» **TASK BRIEF**
Leave every picture out, and print the full listing again exactly.

[[ GIVEN INFORMATION open ]]

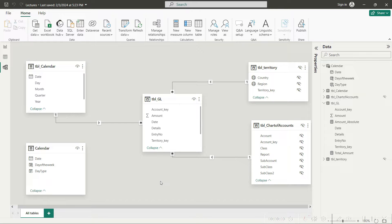Today I am going to show you how you can use VLOOKUP or XLOOKUP in Power BI. Apparently, the VLOOKUP and XLOOKUP functions are not available in Power BI, but there are alternative functions which serve the same need.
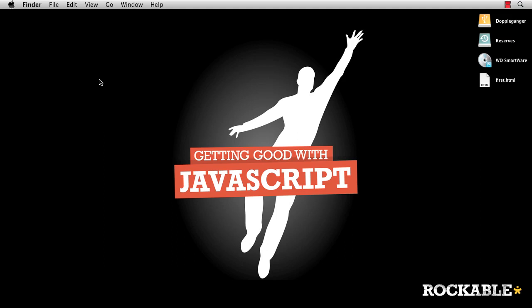Well, this is the end of screencast one, in which we've discussed kind of what you need to know about getting started with JavaScript. I hope you're going to enjoy this screencast series of getting good with JavaScript. And I will see you in screencast two, where we'll discuss the very basics of JavaScript. Thanks for watching.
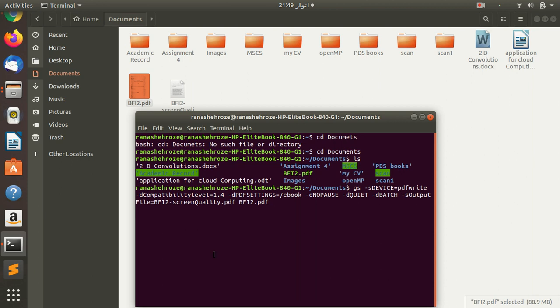Okay, as you can see that we have a file which is obviously, the process will take some time. Obviously it's a compression process so definitely it will take some time. So it's processing. We have to wait a couple of seconds or a couple of minutes until this process is done.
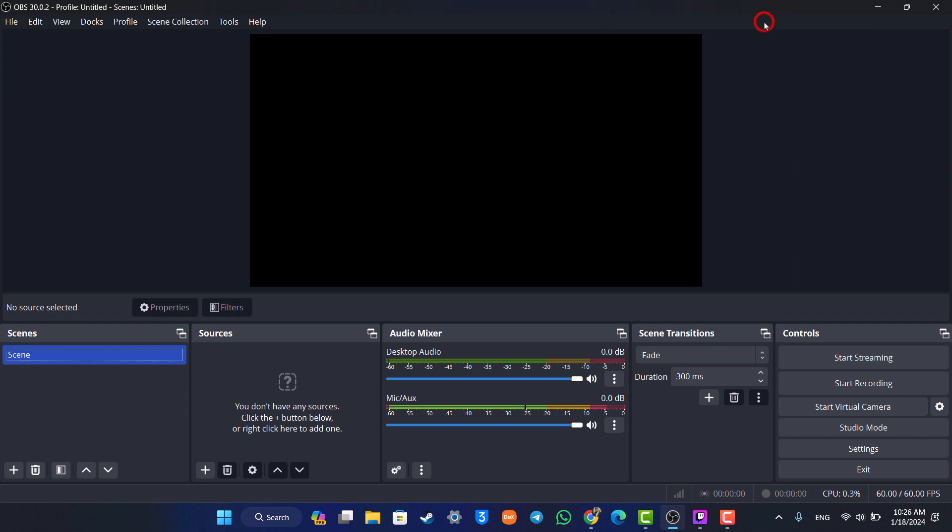This way you can set up OBS to stream on Twitch. Hope this video was helpful. If you have any questions, feel free to leave them down. Thank you for watching and see you in the next video.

[[ GIVEN INFORMATION closed ]]

» **RESULT BELOW**
Today I am going to show you how you can use VLOOKUP or XLOOKUP in Power BI. Apparently, the VLOOKUP and XLOOKUP functions are not available in Power BI, but there are alternative functions which serve the same need.
Well, this is the end of screencast one, in which we've discussed kind of what you need to know about getting started with JavaScript. I hope you're going to enjoy this screencast series of getting good with JavaScript. And I will see you in screencast two, where we'll discuss the very basics of JavaScript. Thanks for watching.
Okay, as you can see that we have a file which is obviously, the process will take some time. Obviously it's a compression process so definitely it will take some time. So it's processing. We have to wait a couple of seconds or a couple of minutes until this process is done.
This way you can set up OBS to stream on Twitch. Hope this video was helpful. If you have any questions, feel free to leave them down. Thank you for watching and see you in the next video.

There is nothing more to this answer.